Des immigrants ayant obtenu la citoyenneté canadienne prêtent serment à l’occasion d’une cérémonie.
Photo: Raad Adayleh Associated Press Des immigrants ayant obtenu la citoyenneté canadienne prêtent serment à l’occasion d’une cérémonie.

La plupart des grandes entreprises québécoises emploient déjà des travailleurs immigrants et tirent de cette expérience un bilan plus que positif, rapporte une étude du Conseil du patronat du Québec (CPQ).

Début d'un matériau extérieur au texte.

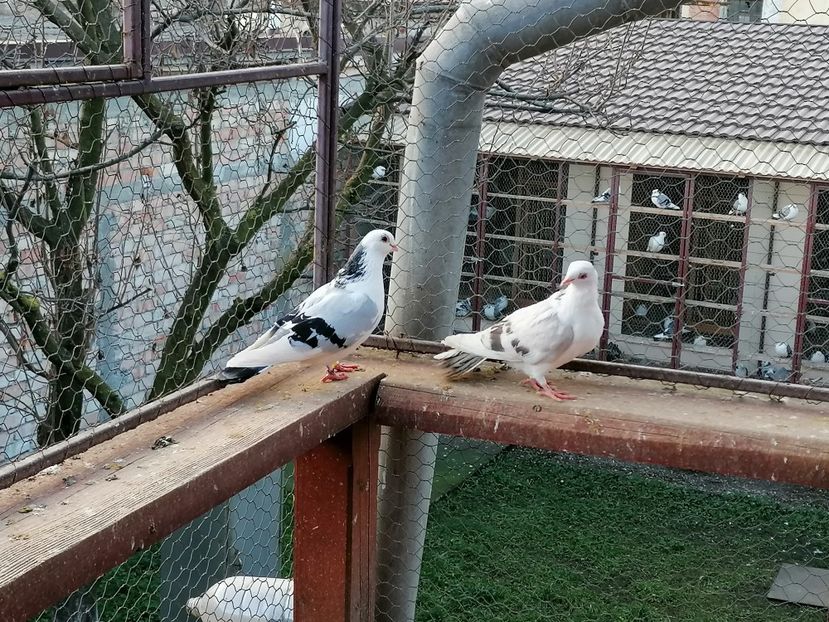  - A-- DE VANZARE JUCATORI DE GALATI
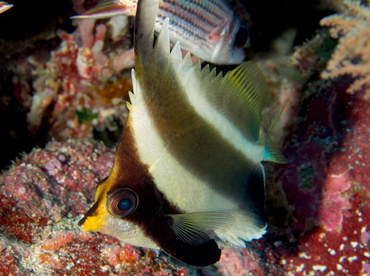 Pennant Bannerfish - Heniochus chrysostomus - Palau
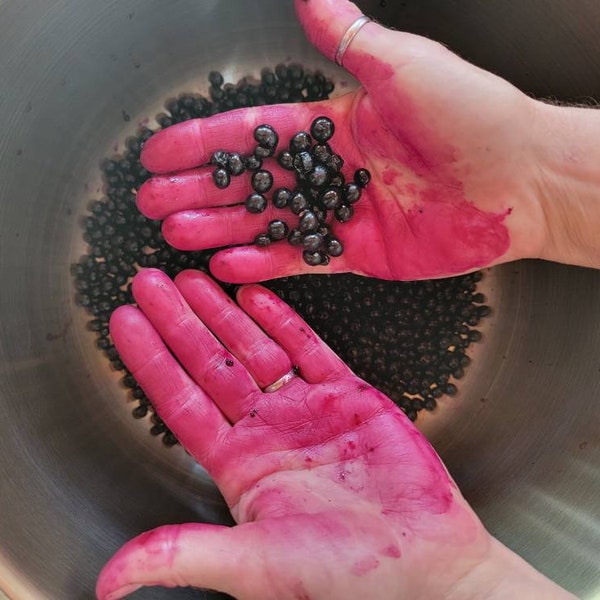 Dried poke berries, 100% naturally grown, 220+ berries per ounce, Phytolacca americana, American Pokeweed, natural dye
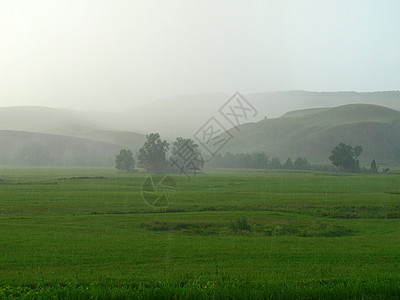 山丘的夏月风景土地季节环境针叶森林荒野太阳天空爬坡草地图片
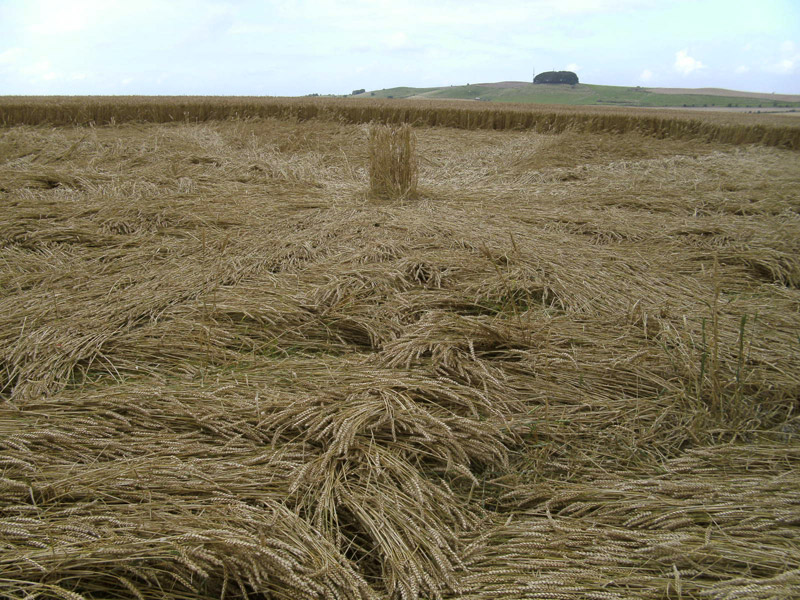 Stone Pit Hill, Wiltshire crop circle, aerial photo 32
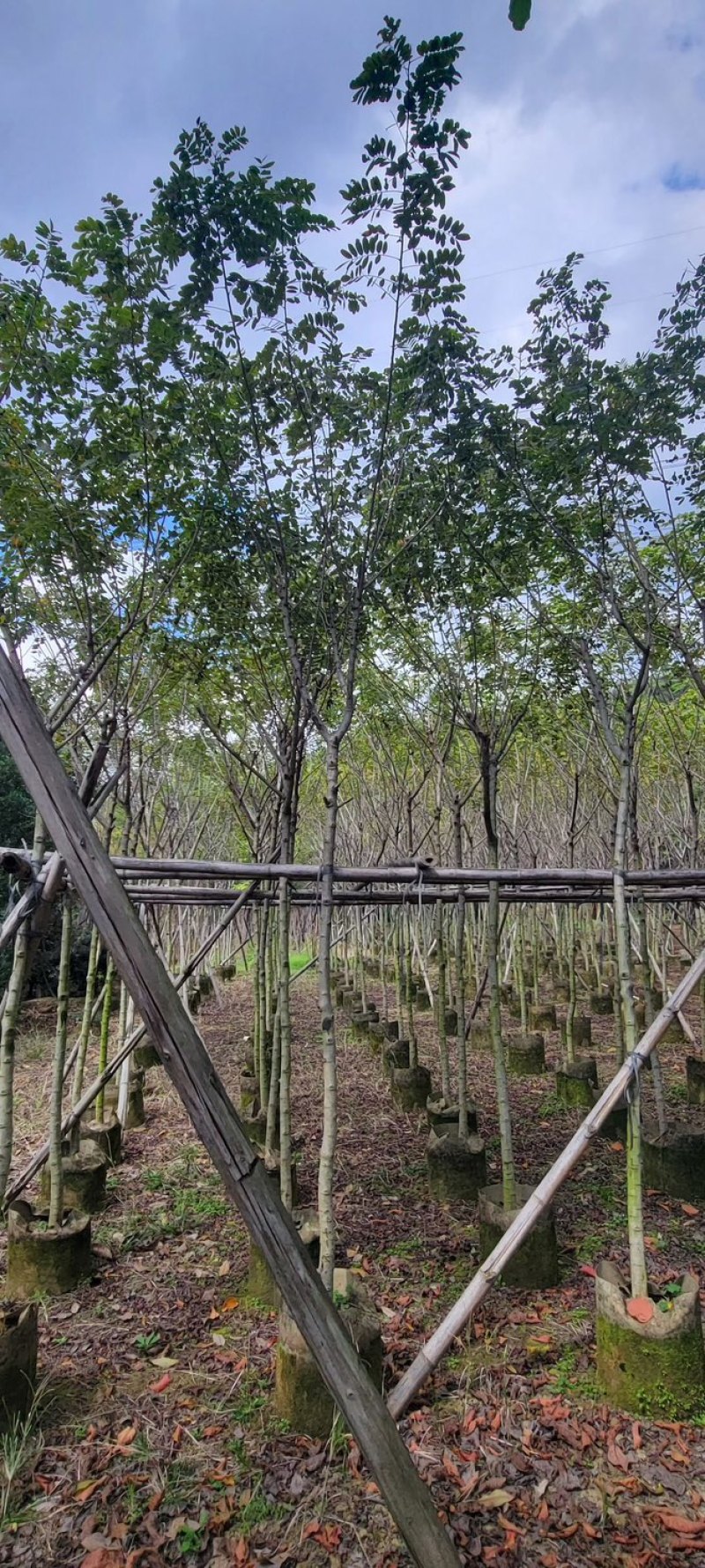 复绿黄花槐4～10公分基地直销规格齐全欢迎来电咨询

Près de 84 % des répondants à un sondage réalisé par le CPQ auprès de ses entreprises membres ont dit compter un ou plusieurs immigrants parmi leurs employés ou dirigeants. De ce nombre, près des deux tiers estiment que cette main-d’oeuvre répond à leurs attentes, alors que presque tous les autres disent qu’elle les dépasse parfois de beaucoup. Plus de la moitié évoque une ardeur au travail et une attitude conformes aux attentes, les autres les qualifiant de supérieures.

Bien que dans 70 % des cas, ces employés immigrants en sont à leur premier emploi au Canada, les entreprises affirment que leur intégration a été facile, voire très facile à plus de 90 % en ce qui a trait à leurs relations avec leurs supérieurs ou leurs collègues. Un quart rapporte toutefois avoir rencontré des difficultés en matière de langue et de différences culturelles.

Dans le petit nombre d’entreprises qui n’ont pas encore de travailleurs immigrants, la moitié dit que c’est parce qu’aucun d’entre eux n’y a postulé, et un autre tiers, parce que les postes disponibles sont habituellement affichés à l’interne.

« Je ne peux pas dire que cela m’étonne, mais cela me conforte néanmoins dans mon impression que les réticences, qu’on entend exprimées parfois par des employeurs à l’égard des travailleurs immigrants, disparaissent généralement aussitôt qu’on est directement exposé à cette réalité », a commenté mercredi en entretien téléphonique au Devoir le président-directeur général du CPQ, Yves-Thomas Dorval.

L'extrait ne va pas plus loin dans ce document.